My kid loves school, and he’s being let down again.

My 4-year-old son, Kj, loves school.

It’s good that he loves school so much, considering how important something like school is to his social development as an only child.

Kj only experienced one “year” of school, from September 2018 to June 2019, but it’s still a daily subject of conversation for him.

Unfortunately, he did not continue at the same preschool, because in the summer of 2019, our family unexpectedly had to move.  By the time we settled into a new town, all the preschools in the area were either full for the fall, or required completed potty-training, or both.  As a result, this hyperactive only-child went months without school, asking constantly when he would get to go to school again.

We struggled through months of not being able to take him to school while trying to potty train him.
It took forever.  (I guess it didn’t literally take forever, but it felt like it.)

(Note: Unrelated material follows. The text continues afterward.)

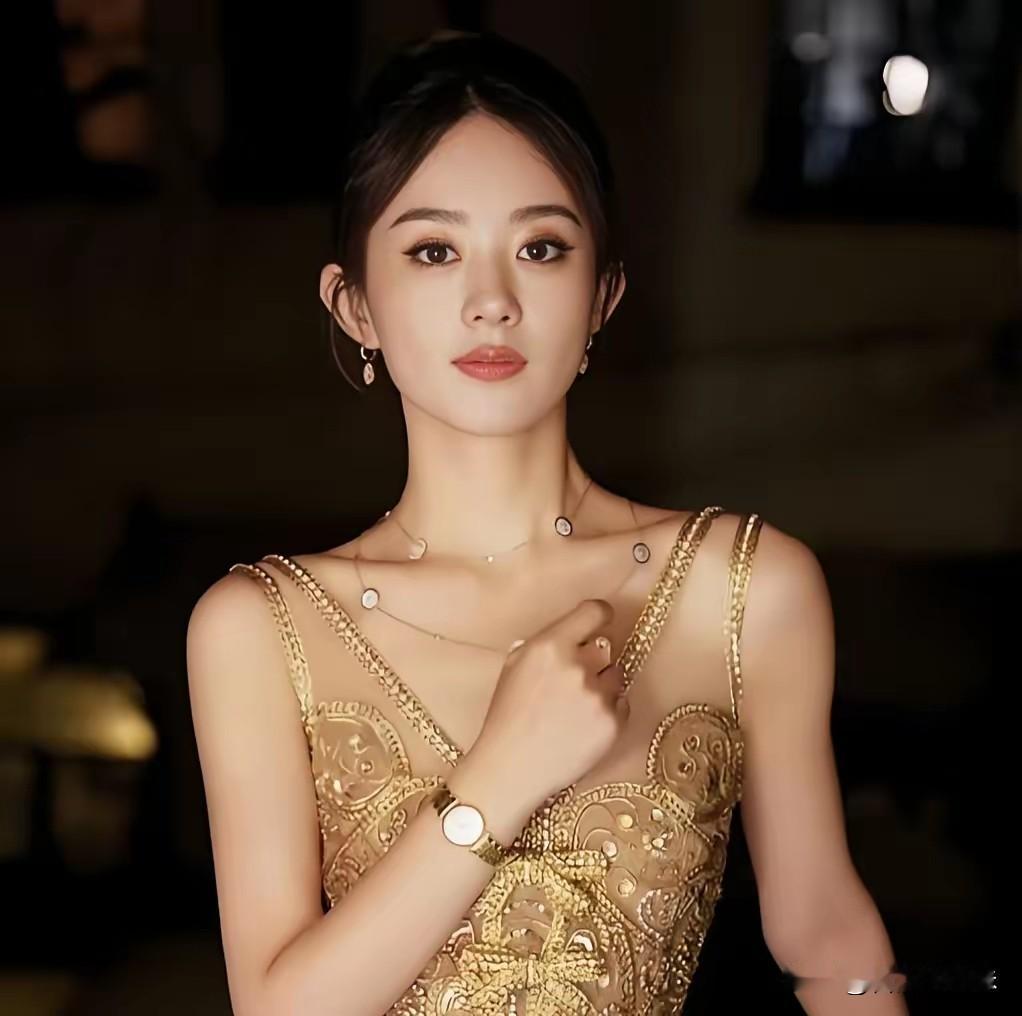 赵丽颖被紧急送医，最担心她的，除了亲人，就是下面这三位挚友了：1.闺蜜周放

The process was long and hard, for all involved.

During that time that he was missing out on school, we supplemented the experience as much as we could.

We took trips to the library for story time.

We went to the book store for special occasions.

We attended group activities at church.

We went to the playground.

We went rock-climbing.

We went to the zoo.

At least once a week, there was some out-and-about experience for Kj, sometimes educational, usually in a crowded place.

The rest of the time, we kept him home, allowing him plenty of time to learn to use the bathroom instead of a diaper.

All the time spent at home had him bored, and acting aggressively out of boredom, and it was hard.  I must have said a thousand times, “I can’t wait to finish this potty training so he can go to school again.  He needs it.”

Kj is still not completely done potty training, but he has it down well enough that  he could probably stay dry at school.   (He’s gotten to the point where he stays dry during daylight hours 90% of the time… However, he still has yet to develop the ability to wake up at night and go to the bathroom instead of going while sleeping.)  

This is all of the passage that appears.